» **WORK ORDER**
Within the entries below, the lines from the one with "Maria Mood nude model picture" through the one with "Robyns nest in Grand Anse" are to be set down exactly, both ends kept.

» **DATA SHOWN**
[Start of section]
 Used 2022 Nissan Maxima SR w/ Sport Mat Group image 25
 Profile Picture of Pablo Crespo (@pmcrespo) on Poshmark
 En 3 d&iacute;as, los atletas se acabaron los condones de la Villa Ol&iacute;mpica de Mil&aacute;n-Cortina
[End of section]
[Start of section]
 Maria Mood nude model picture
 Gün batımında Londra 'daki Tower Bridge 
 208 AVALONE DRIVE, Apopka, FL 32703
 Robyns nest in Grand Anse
[End of section]
» **TASK RESPONSE**
 Maria Mood nude model picture
 Gün batımında Londra 'daki Tower Bridge 
 208 AVALONE DRIVE, Apopka, FL 32703
 Robyns nest in Grand Anse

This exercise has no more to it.